Supplied data:
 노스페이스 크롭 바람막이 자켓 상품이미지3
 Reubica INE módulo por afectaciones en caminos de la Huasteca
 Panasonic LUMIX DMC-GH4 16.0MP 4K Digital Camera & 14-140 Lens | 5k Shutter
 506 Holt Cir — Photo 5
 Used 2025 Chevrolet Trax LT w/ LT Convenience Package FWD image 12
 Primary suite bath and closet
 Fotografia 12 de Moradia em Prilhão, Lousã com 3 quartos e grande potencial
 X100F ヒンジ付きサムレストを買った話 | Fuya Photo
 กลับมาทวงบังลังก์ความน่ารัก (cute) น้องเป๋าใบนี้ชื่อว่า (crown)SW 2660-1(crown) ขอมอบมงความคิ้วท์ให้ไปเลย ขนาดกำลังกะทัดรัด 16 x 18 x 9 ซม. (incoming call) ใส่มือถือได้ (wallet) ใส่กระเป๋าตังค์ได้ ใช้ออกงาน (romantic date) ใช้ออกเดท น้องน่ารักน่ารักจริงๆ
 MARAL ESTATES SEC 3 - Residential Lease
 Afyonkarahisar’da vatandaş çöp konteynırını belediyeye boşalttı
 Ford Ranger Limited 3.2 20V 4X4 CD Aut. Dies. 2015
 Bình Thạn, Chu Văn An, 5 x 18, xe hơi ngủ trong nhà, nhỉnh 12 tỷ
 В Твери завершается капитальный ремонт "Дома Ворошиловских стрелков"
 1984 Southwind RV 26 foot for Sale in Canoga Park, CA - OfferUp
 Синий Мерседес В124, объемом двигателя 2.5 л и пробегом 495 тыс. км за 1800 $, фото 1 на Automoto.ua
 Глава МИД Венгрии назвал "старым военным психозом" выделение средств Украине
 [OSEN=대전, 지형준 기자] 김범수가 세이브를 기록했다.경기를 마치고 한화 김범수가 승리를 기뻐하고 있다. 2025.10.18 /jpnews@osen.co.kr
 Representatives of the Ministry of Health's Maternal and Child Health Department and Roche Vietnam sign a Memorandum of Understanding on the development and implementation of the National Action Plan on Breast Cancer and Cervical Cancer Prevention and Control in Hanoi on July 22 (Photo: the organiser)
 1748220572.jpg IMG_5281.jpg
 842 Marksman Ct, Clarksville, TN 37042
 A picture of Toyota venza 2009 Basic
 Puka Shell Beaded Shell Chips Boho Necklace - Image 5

Assignment: Retype the material above from start to finish without any changes.

Solved problem:
 노스페이스 크롭 바람막이 자켓 상품이미지3
 Reubica INE módulo por afectaciones en caminos de la Huasteca
 Panasonic LUMIX DMC-GH4 16.0MP 4K Digital Camera & 14-140 Lens | 5k Shutter
 506 Holt Cir — Photo 5
 Used 2025 Chevrolet Trax LT w/ LT Convenience Package FWD image 12
 Primary suite bath and closet
 Fotografia 12 de Moradia em Prilhão, Lousã com 3 quartos e grande potencial
 X100F ヒンジ付きサムレストを買った話 | Fuya Photo
 กลับมาทวงบังลังก์ความน่ารัก (cute) น้องเป๋าใบนี้ชื่อว่า (crown)SW 2660-1(crown) ขอมอบมงความคิ้วท์ให้ไปเลย ขนาดกำลังกะทัดรัด 16 x 18 x 9 ซม. (incoming call) ใส่มือถือได้ (wallet) ใส่กระเป๋าตังค์ได้ ใช้ออกงาน (romantic date) ใช้ออกเดท น้องน่ารักน่ารักจริงๆ
 MARAL ESTATES SEC 3 - Residential Lease
 Afyonkarahisar’da vatandaş çöp konteynırını belediyeye boşalttı
 Ford Ranger Limited 3.2 20V 4X4 CD Aut. Dies. 2015
 Bình Thạn, Chu Văn An, 5 x 18, xe hơi ngủ trong nhà, nhỉnh 12 tỷ
 В Твери завершается капитальный ремонт "Дома Ворошиловских стрелков"
 1984 Southwind RV 26 foot for Sale in Canoga Park, CA - OfferUp
 Синий Мерседес В124, объемом двигателя 2.5 л и пробегом 495 тыс. км за 1800 $, фото 1 на Automoto.ua
 Глава МИД Венгрии назвал "старым военным психозом" выделение средств Украине
 [OSEN=대전, 지형준 기자] 김범수가 세이브를 기록했다.경기를 마치고 한화 김범수가 승리를 기뻐하고 있다. 2025.10.18 /jpnews@osen.co.kr
 Representatives of the Ministry of Health's Maternal and Child Health Department and Roche Vietnam sign a Memorandum of Understanding on the development and implementation of the National Action Plan on Breast Cancer and Cervical Cancer Prevention and Control in Hanoi on July 22 (Photo: the organiser)
 1748220572.jpg IMG_5281.jpg
 842 Marksman Ct, Clarksville, TN 37042
 A picture of Toyota venza 2009 Basic
 Puka Shell Beaded Shell Chips Boho Necklace - Image 5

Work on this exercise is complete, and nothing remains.